● GOAL OF THE EXERCISE:
Take the line with "نیمچه گوشتی بلدرچین" as the first and the last line of the data as the end. Write out both and every line between exactly, except pictures.

START THE DATA

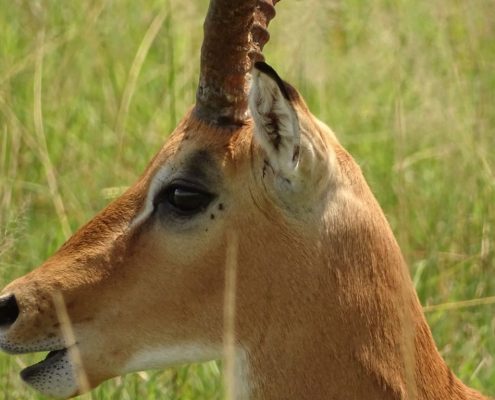 Portrait d'une antilope dans la zone de gestion de la faune sauvage d'Ikoma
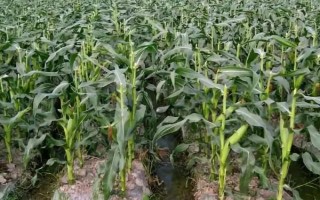 华农866玉米种子特征特性，生育期123天左右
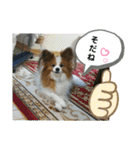 ぱぴぱぴパピヨン2（個別スタンプ：15）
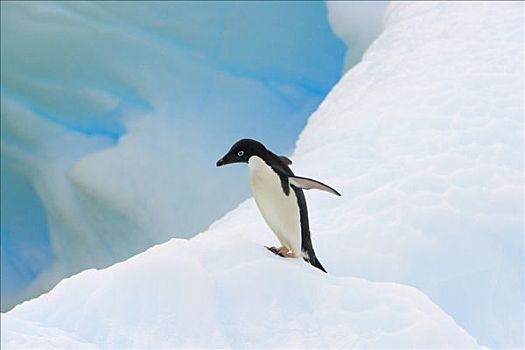 阿德利企鹅,平衡性,光滑,冰山,西部,南极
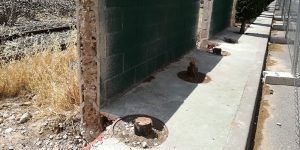 Izquierda Unida denuncia la tala indiscriminada de más de treinta cipreses en Azuqueca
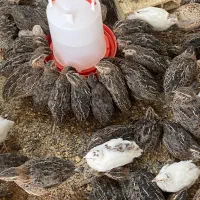 نیمچه گوشتی بلدرچین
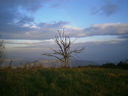 PC130175.JPG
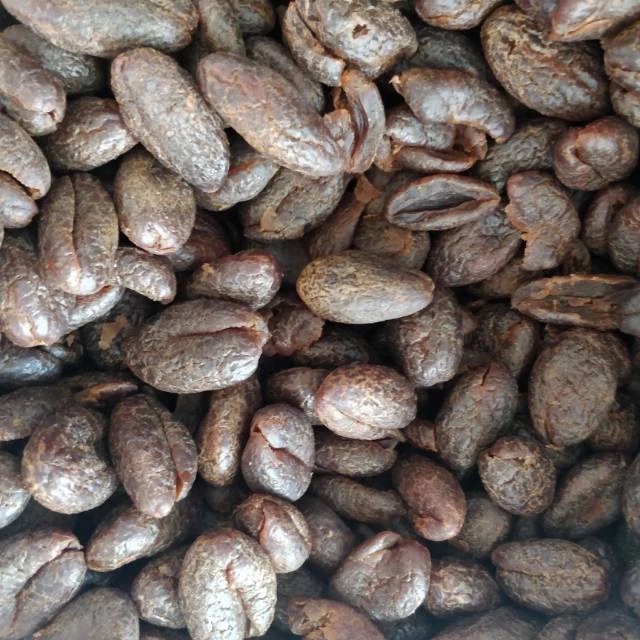 

Ay00! MANISAN BUAH ZAITUN PRESERVED OLIVES HAI WAN QIAO 250g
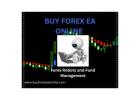 Forex Robot For Sale(High Frequency Forex Trading)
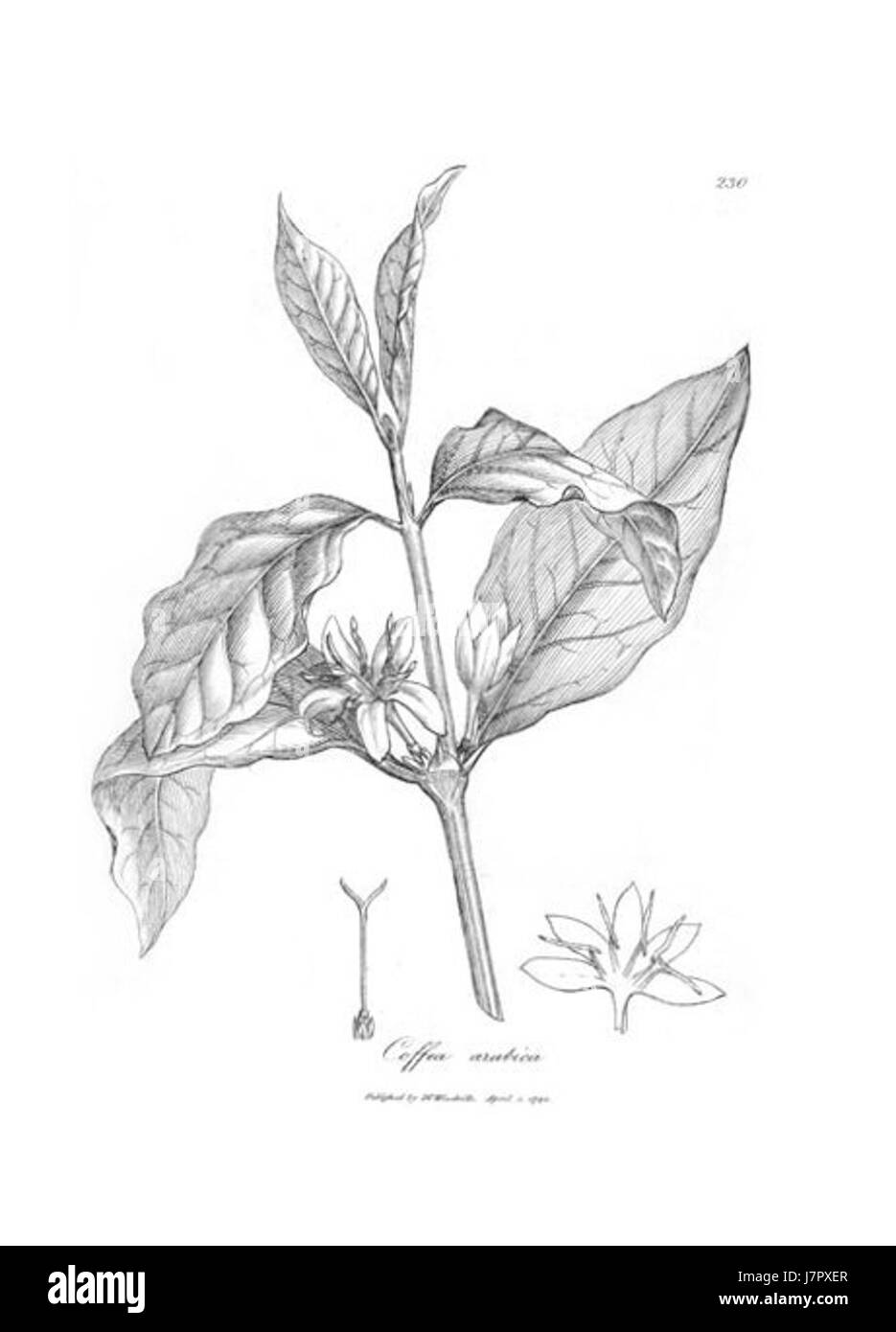 Questa illustrazione botanica raffigura la Coffea arabica, una specie di pianta del caffè nota per i suoi chicchi di alta qualità. Il disegno, in scala di grigi, fornisce una visione dettagliata della struttura e delle caratteristiche dell'impianto. Foto Stock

END THE DATA

● YOUR RESPONSE:
 نیمچه گوشتی بلدرچین
 PC130175.JPG

Ay00! MANISAN BUAH ZAITUN PRESERVED OLIVES HAI WAN QIAO 250g
 Forex Robot For Sale(High Frequency Forex Trading)
 Questa illustrazione botanica raffigura la Coffea arabica, una specie di pianta del caffè nota per i suoi chicchi di alta qualità. Il disegno, in scala di grigi, fornisce una visione dettagliata della struttura e delle caratteristiche dell'impianto. Foto Stock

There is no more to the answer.